As described above, the conventional DRAM shown in FIG. 4 has the structure in which a portion of the upper electrode 513 is formed above the second interlayer film 506 and the top surface of the upper electrode 513 and the side surface of the top end thereof are in contact with the third interlayer film 515.
Next, a conventional method for fabricating a DRAM with a stacked capacitor will be described with reference to the accompanying drawings. FIGS. 5A to 5I and 6A to 6C are sectional views showing the conventional method for fabricating a DRAM, respectively.

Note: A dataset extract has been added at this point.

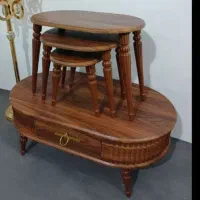 مدل بیضی زیبا جلو مبلی عسلی کد 111 وکیوم ضدخش|مبلمان خانگی و میز عسلی|قم, قلعه کامکار|دیوار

Referring to FIG. 5A, first, the DRAM cell transistor gate 502 is formed above the silicon substrate 501, and then the first interlayer film 503 is formed on the silicon substrate 501 and the DRAM cell transistor gate 502. Then, the first contact plugs 504a and 504b penetrating the first interlayer film 503 are formed on the impurity diffusion layers (not shown) formed in the silicon substrate 501, respectively.
Next, as shown in FIG. 5B, the silicon nitride film 505 is deposited on the first interlayer film 503 and the first contact plugs 504a and 504b. Thereafter, as shown in FIG. 5C, on the silicon nitride film 505, the second interlayer film 506 is formed by a chemical vapor deposition (CVD) method.

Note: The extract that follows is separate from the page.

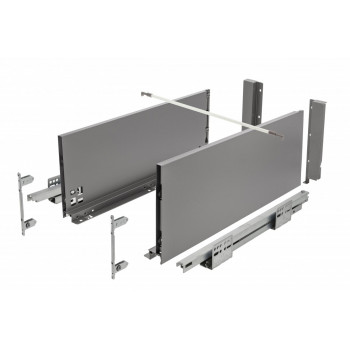 Купить Висувна система AXIS PRO Push to open l-450 мм високий H168 Графіт AXIS PRO графит GTV выдвижные ящики от GTV ФУРНИТУРА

Subsequently, as shown in FIG. 5D, through the second interlayer film 506, a trench 507 reaching the top surface of the first contact plug 504a is formed by a lithography method and a dry etching. Thereafter, as shown in FIG. 5E, a first conductive film 508 is deposited on the inner surface of the trench 507 and the top surface of the second interlayer film 506. Then, as shown in FIG. 5F, by a lithography method and a dry etching, the first conductive film 508 deposited on the top surface of the second interlayer film 506 is removed so that it remains only on the inner surface of the trench 507, thereby forming the lower electrode 509 made of the first conductive film.

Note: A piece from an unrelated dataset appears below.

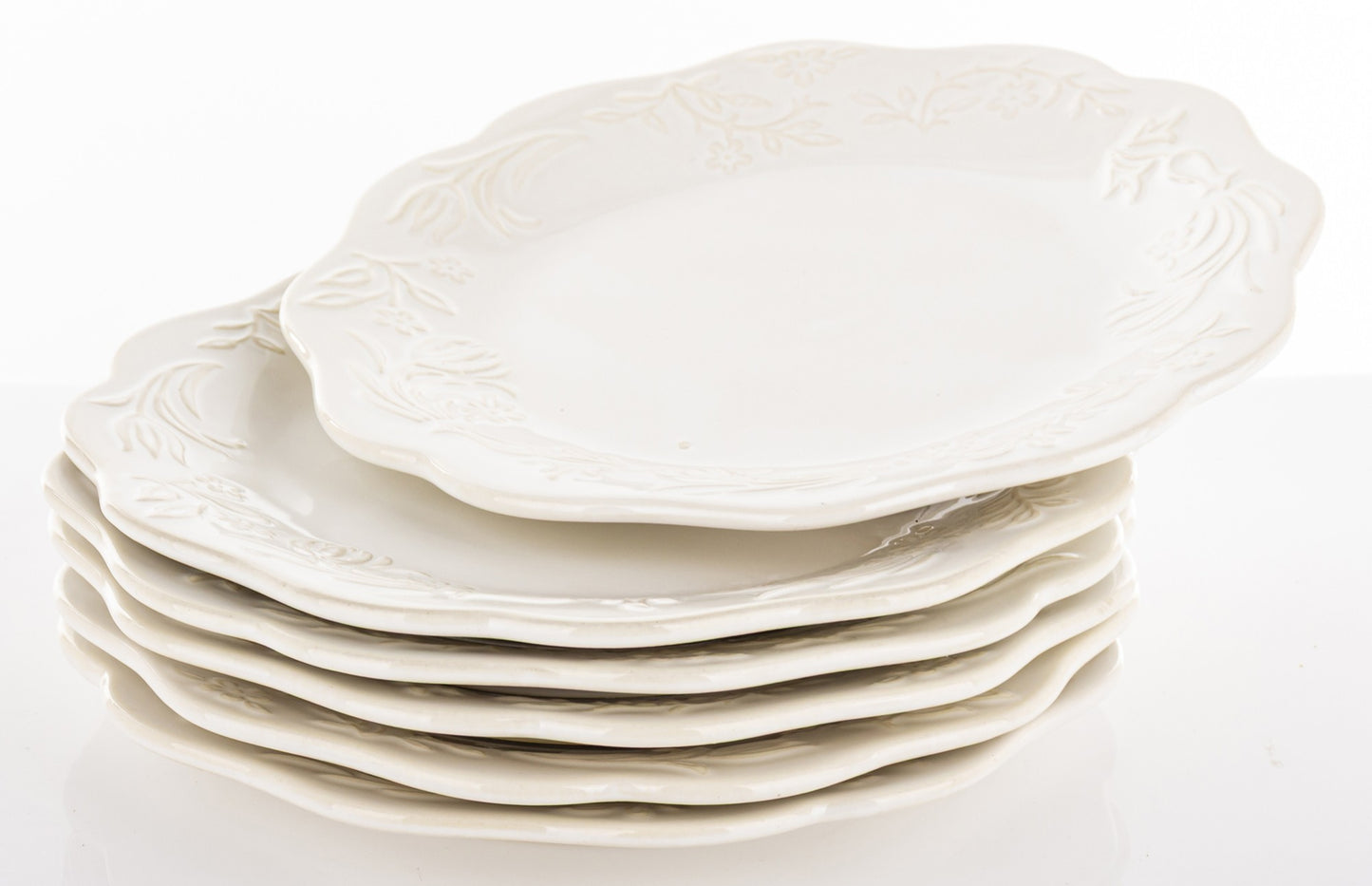 Talerz Deserowy Porcelanowy 20,5cm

As shown in FIG. 5G, the capacitor insulating film 510 is deposited on the second interlayer film 506 and the lower electrode 509, and then a second conductive film 511 is deposited on the capacitor insulating film 510.
Next, as shown in FIG. 5H, on the second conductive film 511, a photoresist mask 512 is formed by a lithography method. Thereafter, as shown in FIG. 5I, portions of the capacitor insulating film 510 and the second conductive film 511 are removed by a dry etching using the photoresist mask 512 as a mask to form a capacitor having the lower electrode 509, the capacitor insulating film 510, and the upper electrode made of the second conductive film 511. In the manner described above, the portion of the upper electrode 513 is formed above the second interlayer film 506.
Subsequently, as shown in FIG. 6A, for example, a silicon oxide film 514 is deposited on the second interlayer film 506 and the upper electrode 513. In this deposition, the silicon oxide film 514 is made thicker than the upper electrode 513.
As shown in FIG. 6B, the silicon oxide film 514 is planarized by polishing through a chemical mechanical polishing (CMP) method, thereby forming the third interlayer film 515. Thereafter, as shown in FIG. 6C, the second contact plug 516 penetrating the second interlayer film 506 and the third interlayer film 515 is formed on the first contact plug 504b. 
In the conventional DRAM fabrication method described above, in forming the third interlayer film 515, the insulating film having a greater thickness than the upper electrode 513 is deposited. Thereby, a step resulting from the height difference between the upper electrode 513 and the second interlayer film 506 is made gentle, and then planarization is performed by the CMP method or the like.